À l’échelle nationale, Camarena n’a pas encore eu beaucoup de chance non plus. Il essaie toujours d’obtenir du financement pour ses recherches. Mais la prochaine élection à la mairie de Mexico pourrait changer les choses. L’eau est une question brûlante, et les campagnes des candidats en témoignent. Prenez Claudia Sheinbaum, ancienne ministre de l’environnement de la ville et actuelle candidate à la mairie du Mouvement national de régénération, qui a présenté une stratégie de l’eau qui promet de replanter les forêts, d’installer des systèmes de captage des pluies sur les maisons et de nourrir la demande massive d’eau de l’agriculture avec de l’eau recyclée au lieu de l’eau potable.

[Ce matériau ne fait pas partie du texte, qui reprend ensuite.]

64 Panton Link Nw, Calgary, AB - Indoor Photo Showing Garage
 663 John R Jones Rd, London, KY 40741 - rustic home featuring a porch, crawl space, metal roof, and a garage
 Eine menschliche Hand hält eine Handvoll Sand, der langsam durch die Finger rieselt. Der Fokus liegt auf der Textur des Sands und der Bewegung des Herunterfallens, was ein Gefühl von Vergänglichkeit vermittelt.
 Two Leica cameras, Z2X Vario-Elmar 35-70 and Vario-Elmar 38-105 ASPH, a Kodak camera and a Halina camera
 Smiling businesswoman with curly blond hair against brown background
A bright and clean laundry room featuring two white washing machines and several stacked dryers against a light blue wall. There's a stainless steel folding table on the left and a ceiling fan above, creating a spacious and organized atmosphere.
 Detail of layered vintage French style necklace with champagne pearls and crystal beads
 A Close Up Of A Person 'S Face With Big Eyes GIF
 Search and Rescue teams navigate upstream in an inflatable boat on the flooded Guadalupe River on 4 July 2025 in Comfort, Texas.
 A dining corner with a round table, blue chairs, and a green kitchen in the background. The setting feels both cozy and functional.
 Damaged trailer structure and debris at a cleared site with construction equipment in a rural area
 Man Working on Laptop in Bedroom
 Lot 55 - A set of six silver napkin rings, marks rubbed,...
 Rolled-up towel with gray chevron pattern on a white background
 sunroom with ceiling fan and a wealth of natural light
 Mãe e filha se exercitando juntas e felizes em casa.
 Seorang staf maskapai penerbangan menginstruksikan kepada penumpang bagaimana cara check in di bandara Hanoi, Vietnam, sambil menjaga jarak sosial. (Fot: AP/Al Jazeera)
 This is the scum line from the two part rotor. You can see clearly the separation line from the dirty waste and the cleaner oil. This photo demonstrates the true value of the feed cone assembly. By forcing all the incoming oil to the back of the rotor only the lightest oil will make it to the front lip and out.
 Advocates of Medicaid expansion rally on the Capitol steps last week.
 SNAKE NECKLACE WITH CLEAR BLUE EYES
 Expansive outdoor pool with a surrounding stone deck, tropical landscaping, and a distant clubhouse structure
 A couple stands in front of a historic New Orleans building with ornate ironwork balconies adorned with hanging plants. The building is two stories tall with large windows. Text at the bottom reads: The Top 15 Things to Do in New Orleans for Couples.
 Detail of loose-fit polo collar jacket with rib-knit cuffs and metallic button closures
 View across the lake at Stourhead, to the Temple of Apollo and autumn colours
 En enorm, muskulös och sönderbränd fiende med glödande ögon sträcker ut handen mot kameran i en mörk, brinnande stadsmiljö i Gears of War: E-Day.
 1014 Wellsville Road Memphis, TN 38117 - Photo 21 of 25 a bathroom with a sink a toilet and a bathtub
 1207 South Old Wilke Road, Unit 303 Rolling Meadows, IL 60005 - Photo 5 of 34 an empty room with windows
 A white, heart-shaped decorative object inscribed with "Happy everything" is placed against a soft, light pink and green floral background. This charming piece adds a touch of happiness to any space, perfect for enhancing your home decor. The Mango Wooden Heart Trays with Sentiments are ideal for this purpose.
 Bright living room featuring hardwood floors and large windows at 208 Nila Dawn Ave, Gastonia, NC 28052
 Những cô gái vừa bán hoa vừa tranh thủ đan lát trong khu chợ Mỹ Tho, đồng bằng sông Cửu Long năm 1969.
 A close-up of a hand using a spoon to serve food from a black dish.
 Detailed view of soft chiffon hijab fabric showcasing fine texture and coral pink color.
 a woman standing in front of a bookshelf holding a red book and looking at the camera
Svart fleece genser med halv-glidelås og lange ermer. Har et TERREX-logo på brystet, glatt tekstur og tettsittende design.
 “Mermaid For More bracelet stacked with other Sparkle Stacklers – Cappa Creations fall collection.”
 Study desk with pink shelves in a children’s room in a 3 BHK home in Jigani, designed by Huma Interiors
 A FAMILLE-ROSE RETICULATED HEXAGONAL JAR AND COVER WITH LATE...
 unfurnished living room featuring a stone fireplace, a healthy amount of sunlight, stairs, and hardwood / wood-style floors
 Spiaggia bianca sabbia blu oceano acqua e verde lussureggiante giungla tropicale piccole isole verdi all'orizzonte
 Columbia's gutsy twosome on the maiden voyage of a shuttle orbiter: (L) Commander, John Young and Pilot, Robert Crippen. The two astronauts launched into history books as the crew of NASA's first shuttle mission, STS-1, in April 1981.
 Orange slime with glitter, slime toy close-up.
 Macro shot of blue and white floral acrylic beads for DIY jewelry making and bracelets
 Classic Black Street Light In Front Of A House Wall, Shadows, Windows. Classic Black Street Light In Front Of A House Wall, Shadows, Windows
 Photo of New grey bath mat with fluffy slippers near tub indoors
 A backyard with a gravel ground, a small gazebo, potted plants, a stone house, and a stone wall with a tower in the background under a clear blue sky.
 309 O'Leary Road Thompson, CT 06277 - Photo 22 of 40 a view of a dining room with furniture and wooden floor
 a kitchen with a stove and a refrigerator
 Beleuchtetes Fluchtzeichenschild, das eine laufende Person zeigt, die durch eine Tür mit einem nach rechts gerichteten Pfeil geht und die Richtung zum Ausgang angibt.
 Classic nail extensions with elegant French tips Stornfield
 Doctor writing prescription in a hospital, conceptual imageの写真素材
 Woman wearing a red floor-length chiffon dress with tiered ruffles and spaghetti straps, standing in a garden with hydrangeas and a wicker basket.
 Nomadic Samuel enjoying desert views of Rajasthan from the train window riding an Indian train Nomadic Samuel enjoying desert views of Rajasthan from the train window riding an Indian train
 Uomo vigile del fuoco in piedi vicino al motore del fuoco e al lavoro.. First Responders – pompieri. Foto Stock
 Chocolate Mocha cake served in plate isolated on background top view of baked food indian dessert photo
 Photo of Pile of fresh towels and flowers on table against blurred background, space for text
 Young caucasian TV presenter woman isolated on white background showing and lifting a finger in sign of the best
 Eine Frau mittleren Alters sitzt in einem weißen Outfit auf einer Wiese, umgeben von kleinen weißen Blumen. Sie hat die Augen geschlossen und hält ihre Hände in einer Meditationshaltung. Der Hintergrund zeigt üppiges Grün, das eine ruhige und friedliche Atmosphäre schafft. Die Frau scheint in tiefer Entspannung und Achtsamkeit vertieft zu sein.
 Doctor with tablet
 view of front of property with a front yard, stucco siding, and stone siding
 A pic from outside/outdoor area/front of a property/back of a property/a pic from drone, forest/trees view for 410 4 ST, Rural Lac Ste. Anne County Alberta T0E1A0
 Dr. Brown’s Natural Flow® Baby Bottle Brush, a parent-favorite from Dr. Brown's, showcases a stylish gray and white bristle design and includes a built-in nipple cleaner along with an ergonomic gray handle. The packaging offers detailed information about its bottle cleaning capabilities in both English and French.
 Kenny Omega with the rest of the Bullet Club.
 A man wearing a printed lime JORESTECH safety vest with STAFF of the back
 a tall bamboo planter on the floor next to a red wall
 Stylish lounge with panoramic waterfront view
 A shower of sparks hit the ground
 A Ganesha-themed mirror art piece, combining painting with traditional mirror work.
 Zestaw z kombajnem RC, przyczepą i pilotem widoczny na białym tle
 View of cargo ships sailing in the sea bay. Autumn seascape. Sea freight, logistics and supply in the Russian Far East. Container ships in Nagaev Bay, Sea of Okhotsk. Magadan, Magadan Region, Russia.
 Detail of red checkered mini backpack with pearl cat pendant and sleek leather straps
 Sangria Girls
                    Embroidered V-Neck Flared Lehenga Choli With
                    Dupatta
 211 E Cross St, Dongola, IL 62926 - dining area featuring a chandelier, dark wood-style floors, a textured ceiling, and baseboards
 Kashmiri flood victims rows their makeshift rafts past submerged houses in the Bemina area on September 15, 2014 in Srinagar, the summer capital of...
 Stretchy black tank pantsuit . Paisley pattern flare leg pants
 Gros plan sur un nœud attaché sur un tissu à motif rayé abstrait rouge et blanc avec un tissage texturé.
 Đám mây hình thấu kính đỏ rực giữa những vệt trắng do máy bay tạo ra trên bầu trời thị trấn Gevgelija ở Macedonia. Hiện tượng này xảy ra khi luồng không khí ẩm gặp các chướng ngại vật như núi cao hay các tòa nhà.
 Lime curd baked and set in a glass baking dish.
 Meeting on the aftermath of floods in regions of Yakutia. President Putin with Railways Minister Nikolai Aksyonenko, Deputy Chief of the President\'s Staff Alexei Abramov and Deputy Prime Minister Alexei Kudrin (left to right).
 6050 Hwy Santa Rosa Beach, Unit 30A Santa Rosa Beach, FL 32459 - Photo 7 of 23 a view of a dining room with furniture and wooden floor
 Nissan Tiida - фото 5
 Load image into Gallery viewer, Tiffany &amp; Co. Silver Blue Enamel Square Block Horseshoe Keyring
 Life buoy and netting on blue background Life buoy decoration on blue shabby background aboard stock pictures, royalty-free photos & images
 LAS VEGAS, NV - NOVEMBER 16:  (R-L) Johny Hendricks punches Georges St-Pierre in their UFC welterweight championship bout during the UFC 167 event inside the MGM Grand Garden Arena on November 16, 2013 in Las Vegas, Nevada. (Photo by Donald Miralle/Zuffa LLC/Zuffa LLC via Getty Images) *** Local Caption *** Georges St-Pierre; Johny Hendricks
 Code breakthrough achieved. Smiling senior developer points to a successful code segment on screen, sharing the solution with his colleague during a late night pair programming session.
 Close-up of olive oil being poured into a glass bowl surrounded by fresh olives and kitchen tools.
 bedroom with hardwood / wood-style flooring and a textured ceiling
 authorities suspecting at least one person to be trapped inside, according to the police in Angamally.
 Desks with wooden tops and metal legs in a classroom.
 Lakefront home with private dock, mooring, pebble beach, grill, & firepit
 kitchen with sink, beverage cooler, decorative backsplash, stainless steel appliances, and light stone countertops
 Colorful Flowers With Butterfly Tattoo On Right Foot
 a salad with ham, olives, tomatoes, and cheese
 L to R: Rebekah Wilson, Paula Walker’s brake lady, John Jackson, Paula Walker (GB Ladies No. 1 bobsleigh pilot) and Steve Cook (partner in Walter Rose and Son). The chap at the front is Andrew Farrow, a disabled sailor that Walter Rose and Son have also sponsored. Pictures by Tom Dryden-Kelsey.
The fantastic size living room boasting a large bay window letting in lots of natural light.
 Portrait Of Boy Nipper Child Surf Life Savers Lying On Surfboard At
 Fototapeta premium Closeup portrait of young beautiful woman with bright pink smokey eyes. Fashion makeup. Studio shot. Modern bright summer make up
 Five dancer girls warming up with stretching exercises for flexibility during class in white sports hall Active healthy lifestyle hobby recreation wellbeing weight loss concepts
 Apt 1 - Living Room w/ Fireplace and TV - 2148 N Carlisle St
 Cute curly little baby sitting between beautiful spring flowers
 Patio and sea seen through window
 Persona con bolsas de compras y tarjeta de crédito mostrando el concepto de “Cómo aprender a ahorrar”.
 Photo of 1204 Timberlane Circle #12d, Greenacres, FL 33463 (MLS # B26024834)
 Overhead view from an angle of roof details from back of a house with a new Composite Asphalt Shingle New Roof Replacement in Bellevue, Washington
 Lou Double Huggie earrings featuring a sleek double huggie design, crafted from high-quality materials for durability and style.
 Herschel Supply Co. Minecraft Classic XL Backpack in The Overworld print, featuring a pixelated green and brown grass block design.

Un projet pour exposer d’anciennes coulées de lave tomberait bien dans ce schéma.

Pendant ce temps, le cycle de l’eau privation-inondation se poursuit. Nous sommes en mai et la saison des pluies a commencé, ce qui signifie que dans toute la ville de Mexico, les femmes attendent des livraisons d’eau tout en balayant l’eau des inondations de leur salon. Le Pedregal, quant à lui, fleurit dans les endroits qu’il peut encore.

Rapports supplémentaires de Zoe Mendelson.